- Hangul: 동양대학교
- Hanja: 東洋大學校
- RR: Dongyang daehakgyo
- MR: Tongyang taehakkyo

= Dongyang University =

University in Yeongju, South Korea

Dongyang University is a private university located in Yeongju, South Korea.

The graduating class of 2012 numbered 672. The current president is Sung-Hae Choi.

==Academics==
A variety of doctoral and master's programs are also provided, mostly in engineering-related fields. It has been designated as a capacity-building university in the basic competency evaluation of universities.

==Location==
The main campus is situated in Punggi-eup, an outlying region of Yeongju City.
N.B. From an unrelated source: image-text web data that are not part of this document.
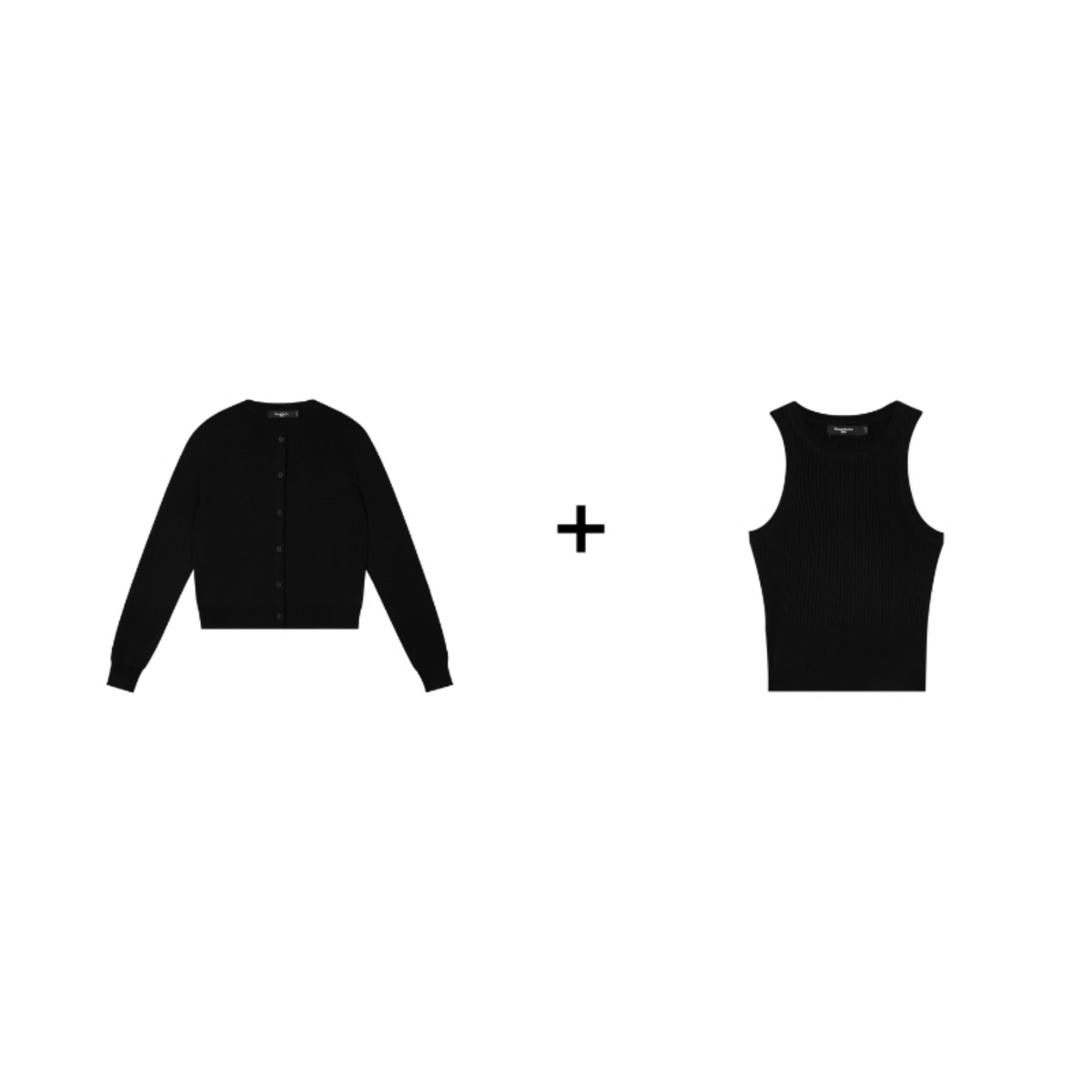 Ribbed Knit Cardigan & Tank Two-Piece Set
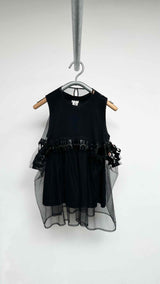 Noir Kei Ninomiya Tule Layered-detailed Tank Top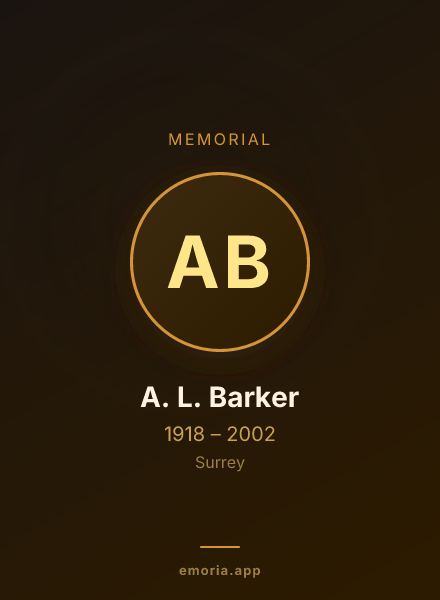 Memorial portrait of A. L. Barker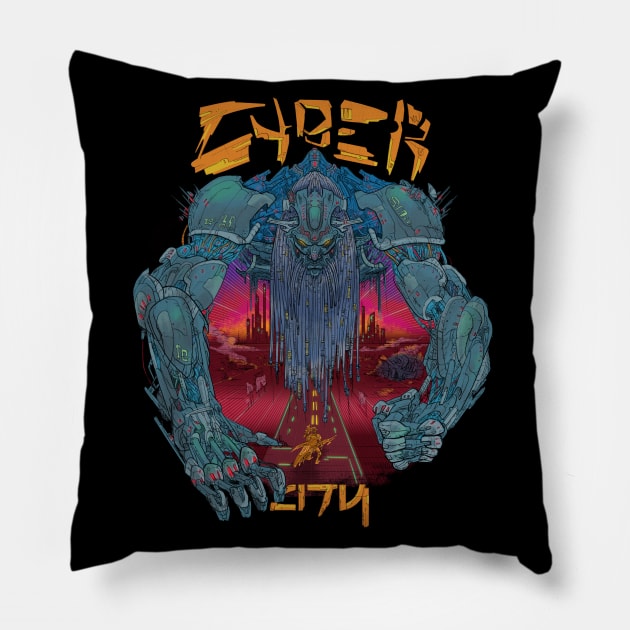 CYBER CITY Pillow by Figzy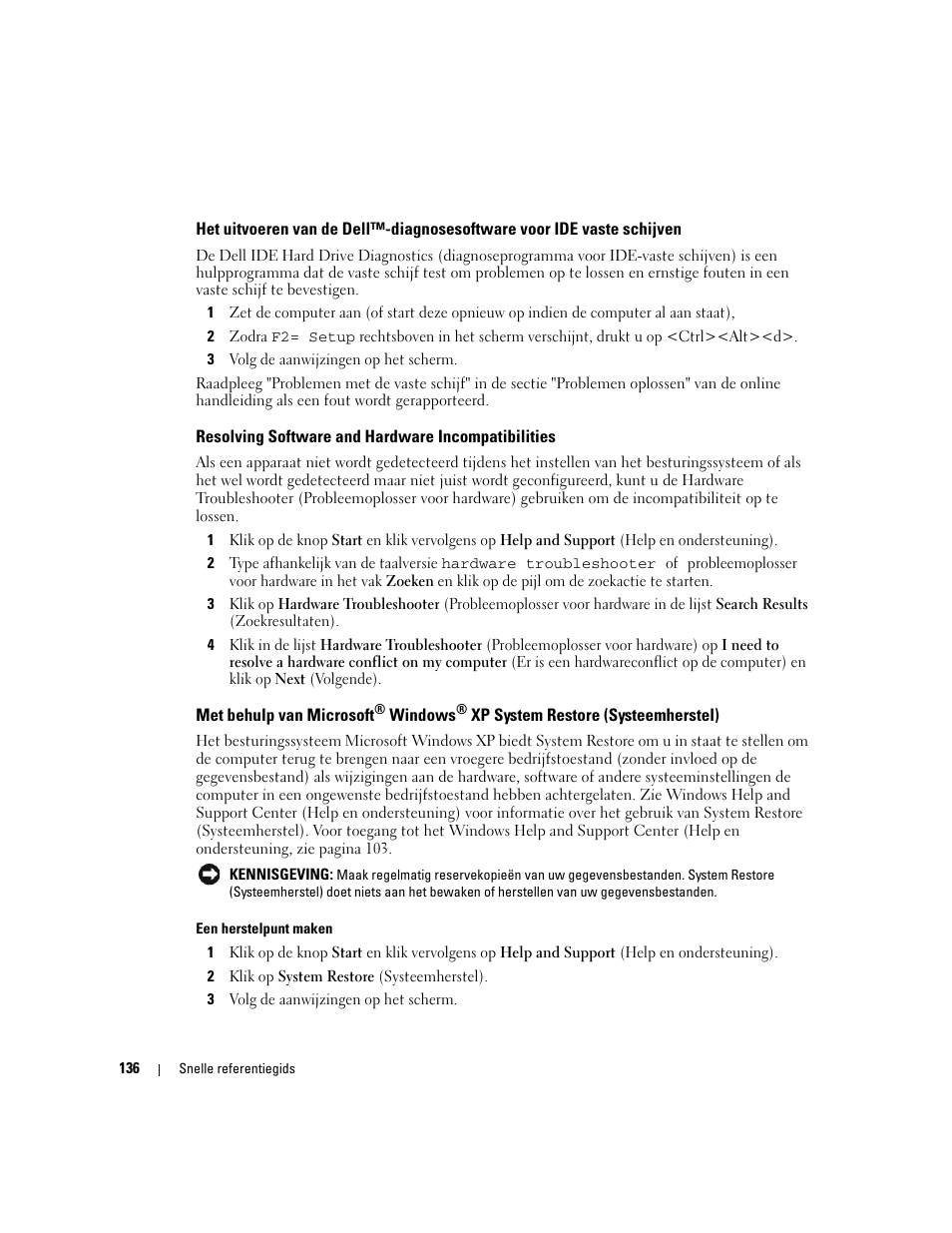 Resolving software and hardware incompatibilities, Met behulp van microsoft | Dell OptiPlex GX620 User Manual | Page 136 / 338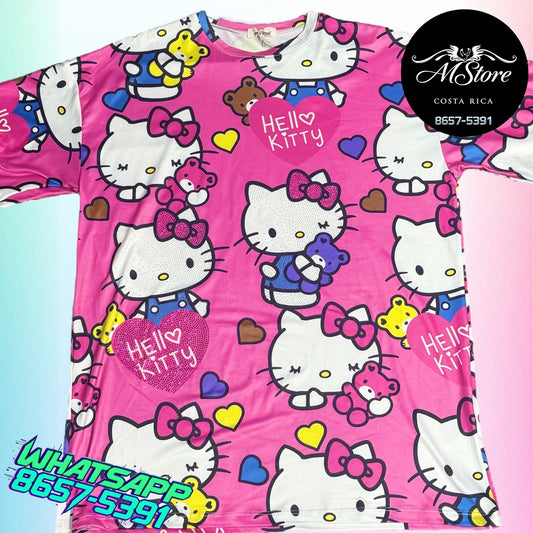 Blusón Oversize HKB Hello Kittys Rosa Tela Piel de Durazno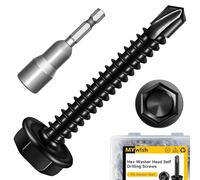 Mywish Lot de 200 vis autoperceuses à tête hexagonale en acier inoxydable 410 #8 x 3,8 cm pour métal, vis autotaraudeuses à tôle Tek à taraudage rapide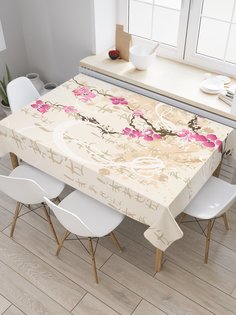 Скатерть прямоугольная JoyArty "Японская ветка сакуры" из сатена, 120x145 см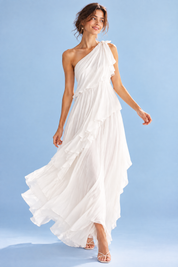 Robe blanche asymétrique à volants | Vue en mouvement | Lounelle Paris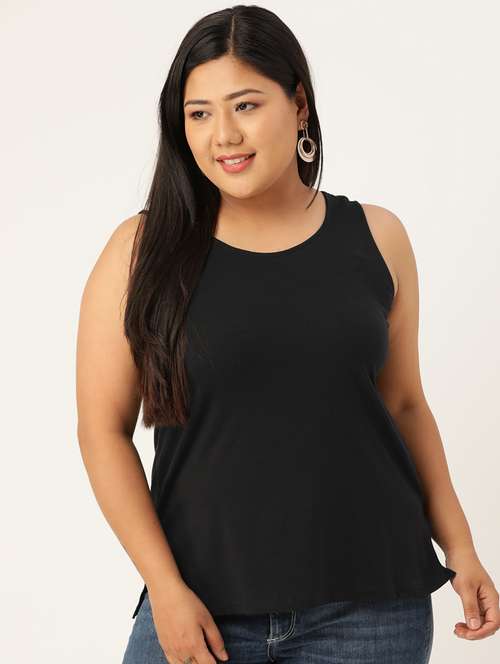 round neck solid plus camisole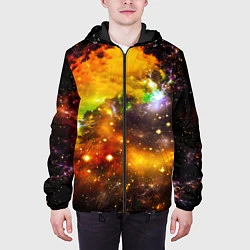 Куртка с капюшоном мужская Восхитительный космос, цвет: 3D-черный — фото 2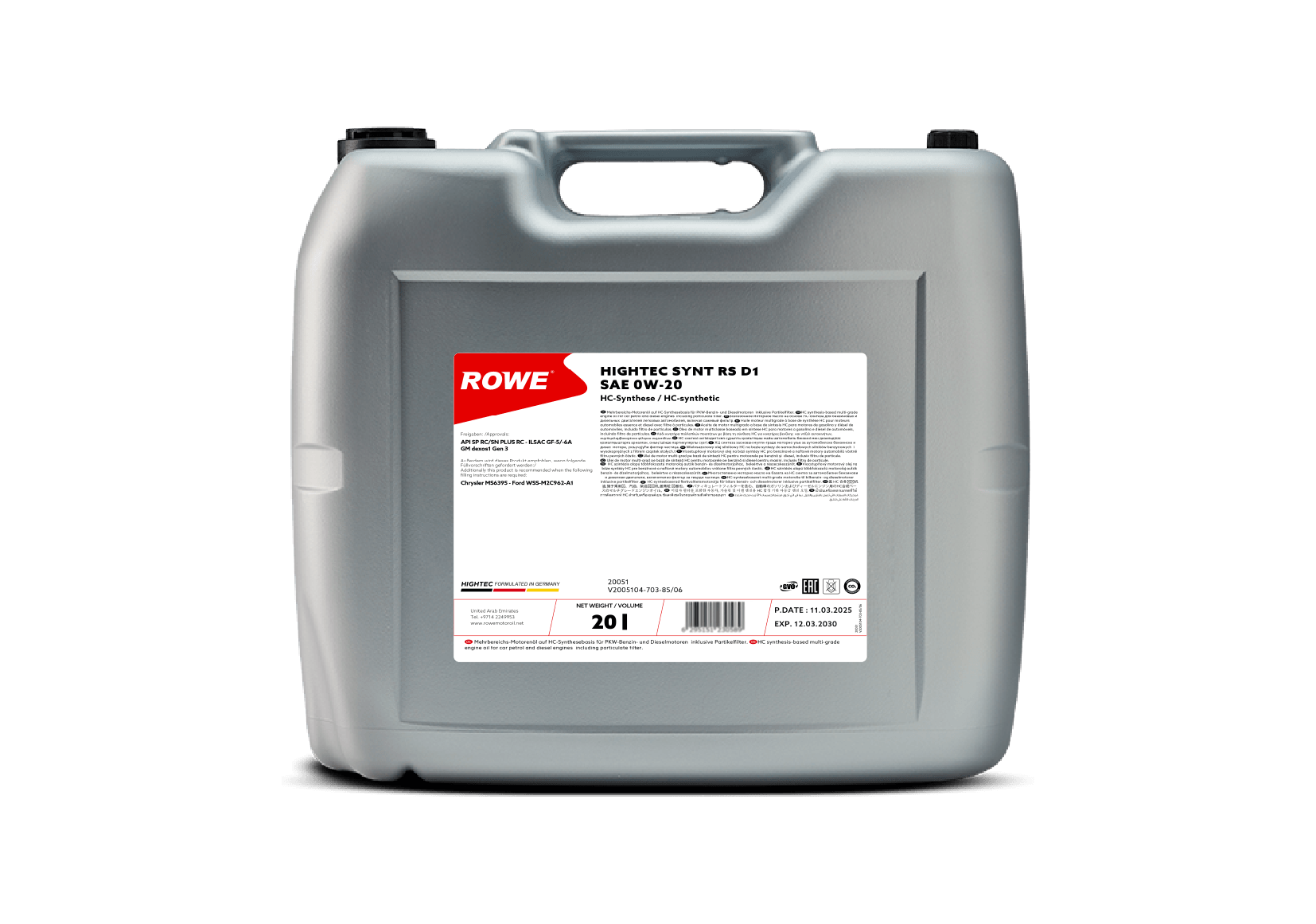 HIGHTEC SYNT RS D1 SAE 0W-20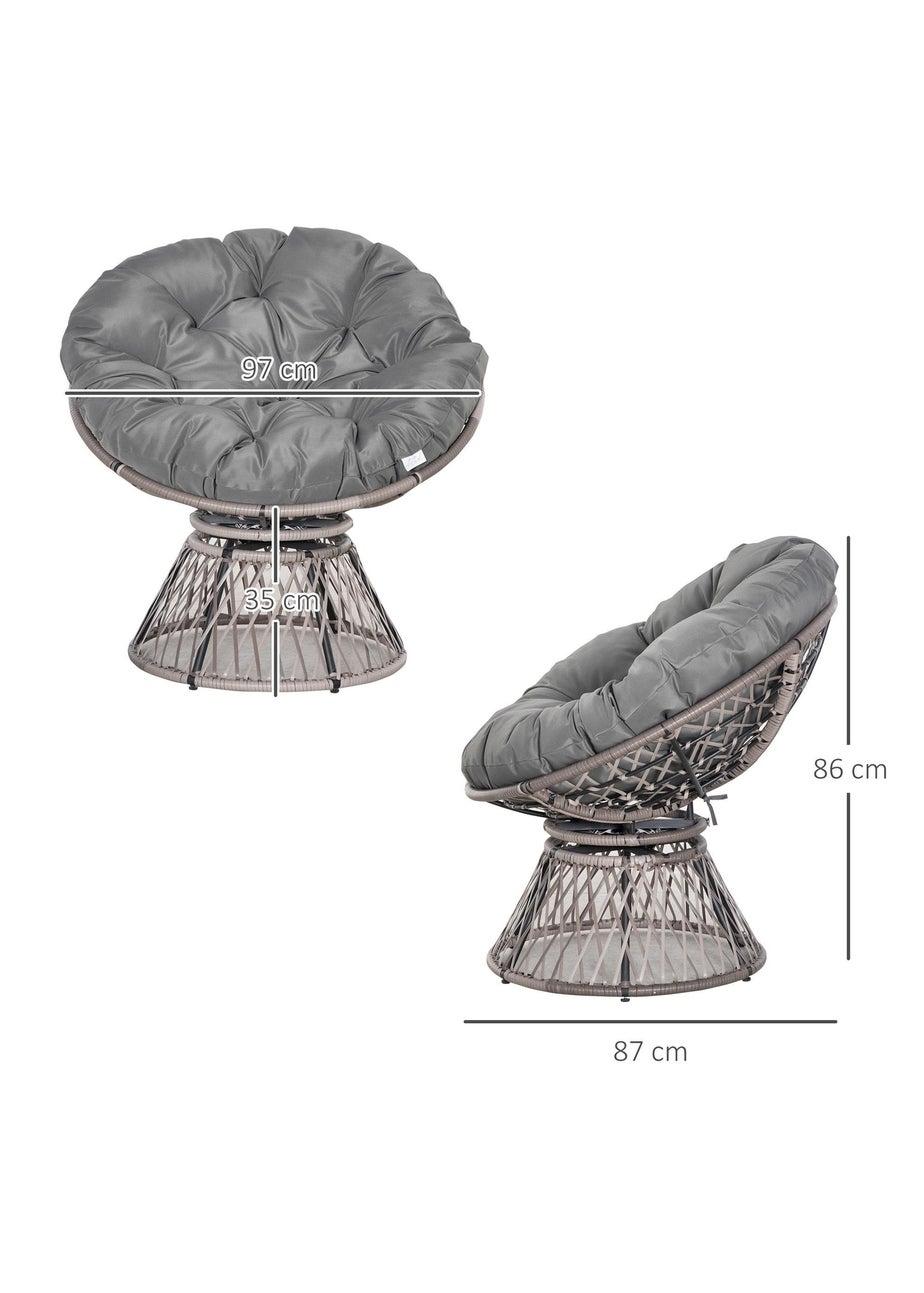 Outsunny Swivel Rattan Papasan Moon Bowl Chair Round Outdoor with Padded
There is a second campus located in Dongducheon. Dongducheon is a collection of art departments.

It is a private university located in South Korea.

== Controversies ==
In 2019, the South Korean ministry of education and members of the ruling Democratic Party requested that Dongyang University fire President Choi for lying about his academic history to the government, on that grounds that three of the five degrees he claimed to have received were fake. The request was in response to Choi's report to local media that Chung Kyung-sim, an English professor at the university and the wife of the former Justice Minister Cho Kuk, forged a Dongyang's dean's award for her daughter's application to attend medical school at Pusan National University. Choi's statement was a key part of the prosecution's probe against Cho, who resigned 35 days after his appointed as the Justice Minister on 9 September 2019.